So I received a letter from the IRS assigning the Community House Network an EIN-- for those wondering, it means Employer Identification Number. That is exciting.
The next action we were instructed to take was to host our first meeting of the board to discuss and sign the bylaws. We used the standard boilerplate version, but we likely will revise them as we get accustomed to how this whole rigmarole works. As a business model for decision making, I believe in true consensus. This is where we all agree upon the next step of action, rather than a majority rules version of voting. Sue talked a lot about participating in some of the decision making process of the Japanese companies she worked with. She said it was long, but they truly worked to get everyone's ideas into the pot, and no decision was made until there was consensus. I like the Ringi process. This allows everyone, at all levels of the organization, to contribute to the final version of the plan.
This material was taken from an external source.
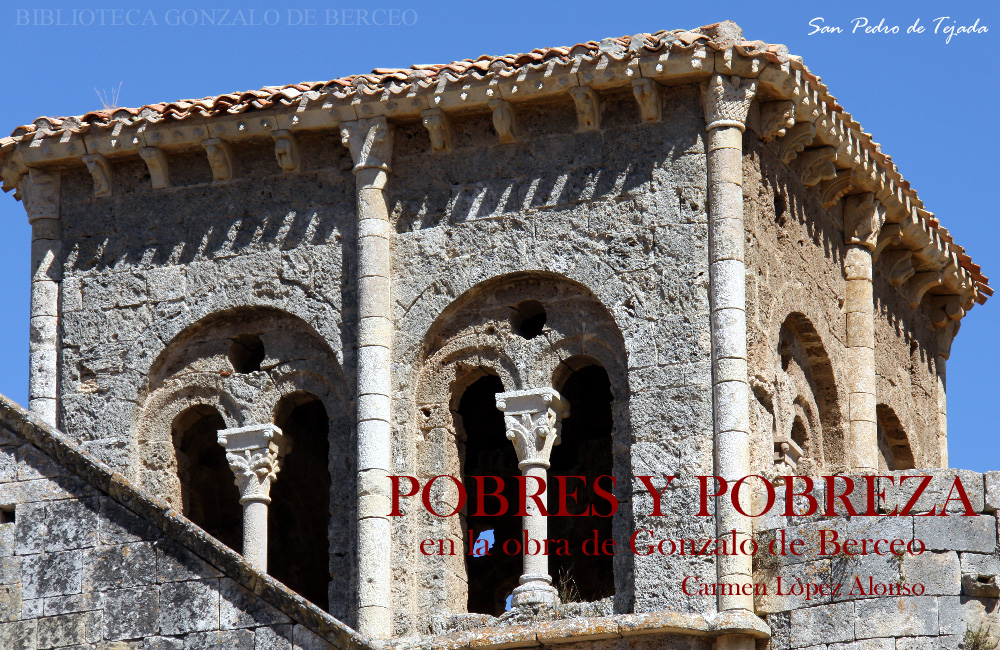 Hacer clic para saber más sobre la iglesia románica de San Pedro de Tejada.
Open discussion, transparency, shared beliefs, communication are the foundation for a good, healthy environment. Just because I like one idea when the conversations starts doesn't mean that my idea will look the same at the end of the conversation. If we all bring our ideas to the table, and let the process of making the sausage begin, in the end we will all have a bit of our personal intersts in the story, and a most delicious sausage. This doesn't mean that every idea is adopted, or goes into the pot at the same time. Some of our lawmaking processes have these terrible addendums at the end that muddy the water. I may have a great idea, but the time is not right. Through openness, willingness and a shared vision we will eventually come together on what is the next right action.
The standard form of decision making, and what was written up in the bylaws provided by the Foundation Group, is of course majority rules. But it will do for now.
Next steps, send in a copy of the Articles of Incorporation to the Secretary of State.